# Problem to solve:
Type out the data exactly as given. Skip any image.

(Caption-style text data)
◇ ◇ ◇ ◇

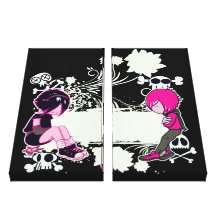 punk emo kids sulking vector art canvas prints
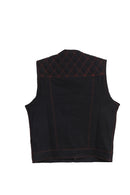 "Black and Red Soft leather Motorbike vest" Leathers Crafted
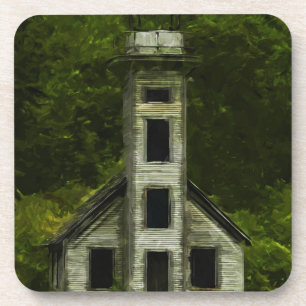 Michigan Lighthouse Abstract Impressionism Coaster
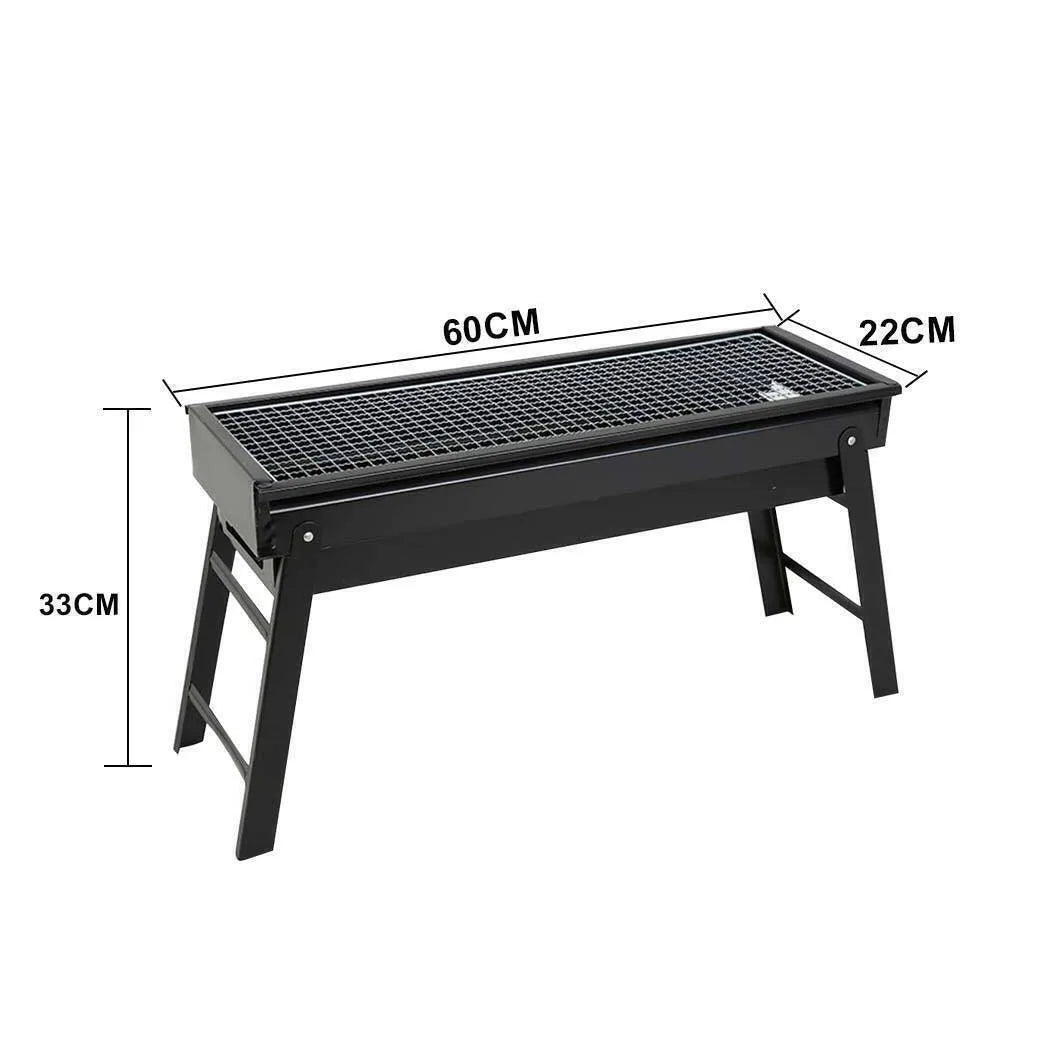 Large Portable Folding Charcoal BBQ Grill – Tabletop Barbecue for Camping, Picnics and Garden Parties, Black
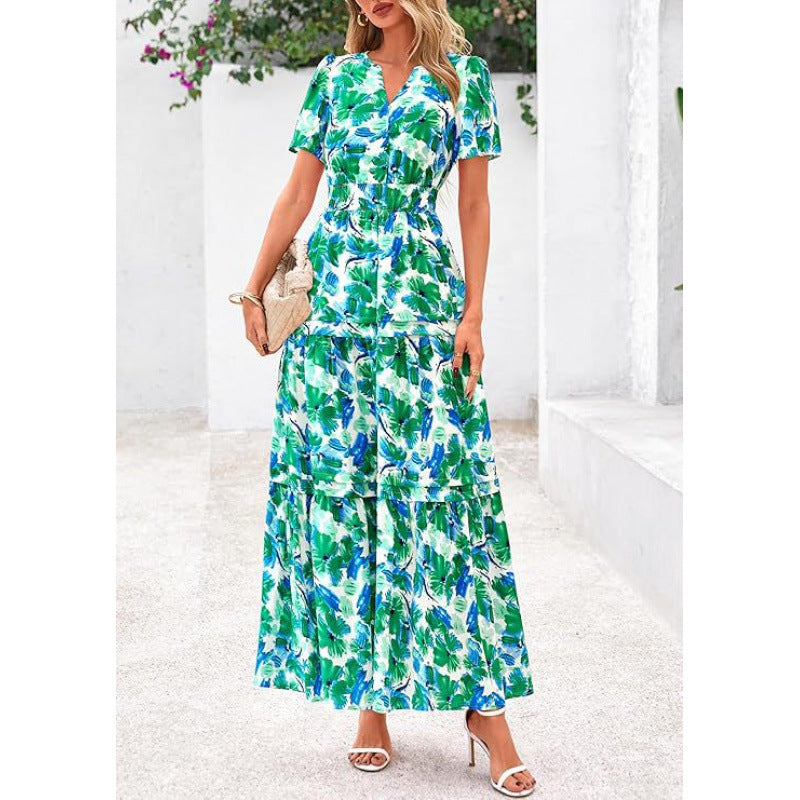 european and american retro floral short-sleeve v-neck dress - women's  summer new arrival a-line flowy vacation dress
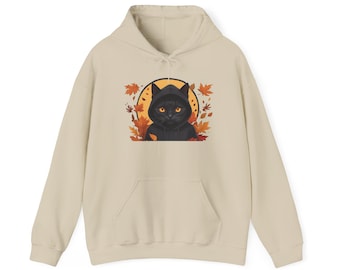 Schwarze Katze Hoodie, süße Katze Hoodie, Herbst Hoodie, Halloween Hoodie, Katzen Geschenk, lustige Katze Hoodie, Katze Hoodie, Katzenliebhaber Geschenk, Katzenpullover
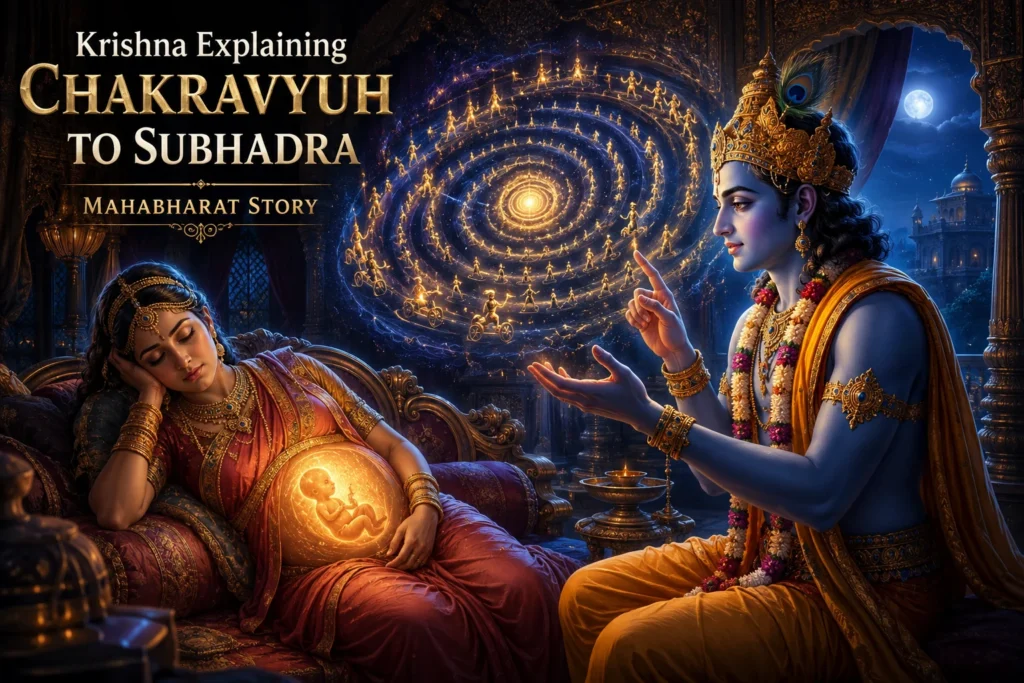 Krishna explaining Chakravyuh to Subhadra Mahabharat story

◇ ◇ ◇ ◇

# Exercise output:
 punk emo kids sulking vector art canvas prints
 "Black and Red Soft leather Motorbike vest" Leathers Crafted
 Michigan Lighthouse Abstract Impressionism Coaster
 Large Portable Folding Charcoal BBQ Grill – Tabletop Barbecue for Camping, Picnics and Garden Parties, Black
 european and american retro floral short-sleeve v-neck dress - women's  summer new arrival a-line flowy vacation dress
 Schwarze Katze Hoodie, süße Katze Hoodie, Herbst Hoodie, Halloween Hoodie, Katzen Geschenk, lustige Katze Hoodie, Katze Hoodie, Katzenliebhaber Geschenk, Katzenpullover
 Krishna explaining Chakravyuh to Subhadra Mahabharat story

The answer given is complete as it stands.